" A cada dia que vivo, mais me convenço de que o disperdício da vida está no amor que não damos, nas forças que não usamos, na prudência egoísta que nada arrisca e que, esquivando-nos do sofrimento, perdemos também a felicidade." (Carlos Drummond de Andrade)




quinta-feira, 3 de março de 2011

Amor .

O que define esse sentimento? O que faz ele crescer dentro de você num piscar de olhos? Qual a razão para não poder controlá-lo? Não ter minhas respostas angustiam-me.
 Minha mente vaga intuitivamente. Quando percebo estou olhando para o céu e pensando daqueles que amo. O amor é algo inexplicável onde eu procuro resoluções impossíveis no infinito mágico do universo.
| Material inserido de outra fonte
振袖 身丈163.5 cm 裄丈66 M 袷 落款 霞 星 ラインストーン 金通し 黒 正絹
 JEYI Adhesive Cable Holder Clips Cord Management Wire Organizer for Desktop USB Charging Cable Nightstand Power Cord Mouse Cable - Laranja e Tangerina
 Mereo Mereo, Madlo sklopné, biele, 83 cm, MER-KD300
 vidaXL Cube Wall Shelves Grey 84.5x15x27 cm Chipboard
Será que arriscar tudo o que já está encaminhado é perder um caminho concreto para seguir um atalho alternativo de ilusão? E se for na ilusão que encontraremos a razão para compreender a imensidão da nossa frustração? Queria entender muitas coisas que meu coração não consegue explicar. Queria poder entender, encontrar um rumo à seguir. Queria encontrar menos sinais externos e algum interno. Complicado? Ninguém disse que seria fácil.
Às vezes gostaria de decifrar o que sinto como notas musicais. Talvez um dia eu ainda consiga encontrar quem toque a música da minha vida.